Statistics on UNIQUEIDENTIFIER columns
During the SQLRally conference in Copenhagen/Denmark, Brent Ozar (Blog, Twitter) and I had a very interesting conversation regarding Statistics on UNIQUEIDENTIFER columns. It seems that SQL Server shows some very nasty behavior here. Let’s have a look.
To show you the behavior we have complained about, I created a new database with the following simple table definition, where I enforced the primary key constraint on a UNIQUEIDENTIFER column. This means that SQL Server generates a unique Clustered Index in the background, and the Clustered Index itself has an underlying Statistics object that describes the data distribution in that column. Of course, the data distribution is linear, because every value in the UNIQUEIDENTIFIER column is by its nature unique.
-- Create a new table with a UNIQUEIDENTIFIER column as primary key. -- SQL Server will enforce the primary key constraint through unique clustered index in the background. CREATE TABLE CustomersTableGuid ( ID UNIQUEIDENTIFIER NOT NULL PRIMARY KEY, FirstName VARCHAR(50), LastName VARCHAR(50) ) GO
In the next step I have inserted 1 million rows into that table.
-- Insert 1 million records DECLARE @i INT = 0 WHILE (@i <= 1000000) BEGIN INSERT INTO CustomersTableGuid (ID, FirstName, LastName) VALUES ( NEWID(), 'FirstName' + CAST(@i AS VARCHAR), 'LastName' + CAST(@i AS VARCHAR) ) SET @i +=1 END GO
And now we update our statistics on that table with a FULLSCAN. A FULLSCAN means that SQL Server scans the complete underlying data to update the statistics object.
-- Let's update the Statistics with a FULLSCAN. UPDATE STATISTICS CustomersTableGuid WITH FULLSCAN GO
But when you look at the Statistics object now, you can see that SQL Server has only generated 3 steps in the Histogram.

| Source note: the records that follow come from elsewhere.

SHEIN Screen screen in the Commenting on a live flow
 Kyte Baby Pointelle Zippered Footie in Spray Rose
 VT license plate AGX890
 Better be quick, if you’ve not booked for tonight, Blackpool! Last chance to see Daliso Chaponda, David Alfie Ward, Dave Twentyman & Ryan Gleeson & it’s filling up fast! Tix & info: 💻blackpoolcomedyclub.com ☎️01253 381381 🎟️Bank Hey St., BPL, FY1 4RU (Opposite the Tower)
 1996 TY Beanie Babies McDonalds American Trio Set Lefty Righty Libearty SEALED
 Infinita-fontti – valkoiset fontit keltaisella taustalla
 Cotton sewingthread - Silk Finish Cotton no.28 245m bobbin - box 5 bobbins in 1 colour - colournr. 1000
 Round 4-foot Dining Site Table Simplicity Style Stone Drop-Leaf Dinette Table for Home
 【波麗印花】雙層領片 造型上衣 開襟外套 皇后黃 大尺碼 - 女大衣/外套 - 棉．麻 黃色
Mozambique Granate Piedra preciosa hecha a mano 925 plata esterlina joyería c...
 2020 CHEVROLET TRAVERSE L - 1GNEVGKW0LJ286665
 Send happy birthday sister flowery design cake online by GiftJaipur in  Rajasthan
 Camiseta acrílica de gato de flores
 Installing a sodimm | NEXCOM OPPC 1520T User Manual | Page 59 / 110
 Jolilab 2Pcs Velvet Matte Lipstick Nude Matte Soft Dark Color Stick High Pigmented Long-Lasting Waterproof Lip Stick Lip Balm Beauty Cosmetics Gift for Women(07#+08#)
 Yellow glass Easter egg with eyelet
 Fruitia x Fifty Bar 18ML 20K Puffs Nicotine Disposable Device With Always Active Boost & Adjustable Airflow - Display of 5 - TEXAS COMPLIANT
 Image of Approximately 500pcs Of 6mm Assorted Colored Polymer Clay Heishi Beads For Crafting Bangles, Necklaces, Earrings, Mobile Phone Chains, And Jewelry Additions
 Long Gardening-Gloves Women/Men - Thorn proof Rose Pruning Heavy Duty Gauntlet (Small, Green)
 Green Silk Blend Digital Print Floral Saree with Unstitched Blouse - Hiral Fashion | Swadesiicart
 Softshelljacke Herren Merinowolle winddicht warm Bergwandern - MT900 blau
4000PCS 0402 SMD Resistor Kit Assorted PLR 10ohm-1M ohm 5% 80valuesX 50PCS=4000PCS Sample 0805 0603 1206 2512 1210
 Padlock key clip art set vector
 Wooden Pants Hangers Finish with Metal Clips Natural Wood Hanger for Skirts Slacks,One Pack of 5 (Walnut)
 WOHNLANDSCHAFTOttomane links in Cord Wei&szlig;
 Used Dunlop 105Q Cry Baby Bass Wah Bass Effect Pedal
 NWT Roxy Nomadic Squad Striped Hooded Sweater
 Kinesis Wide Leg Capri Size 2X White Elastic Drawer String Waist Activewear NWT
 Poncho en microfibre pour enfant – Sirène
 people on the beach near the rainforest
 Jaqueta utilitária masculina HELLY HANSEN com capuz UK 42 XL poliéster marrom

As you can see in the header information, all 1 million rows were sampled during the Statistics update, but the Histogram shows us only 3 steps! But when you now update the Statistics object with a lower sampling interval, things are changing:
-- Let's update the Statistics with a smaller sampling interval. UPDATE STATISTICS CustomersTableGuid WITH SAMPLE 50 PERCENT GO
When you now look at the Histogram, you can see that we have a lot of different steps:
When Brent told me about this side-effect it made me smile. Bear this in mind when you work with UNIQUEIDENTIFIER columns in your database design. As long as the values are unique, you should not have a performance problem, because the row AVG_RANGE_ROW still makes the correct estimation of 1 row for the huge amount of gaps that you have in the Histogram.
Thanks for your time,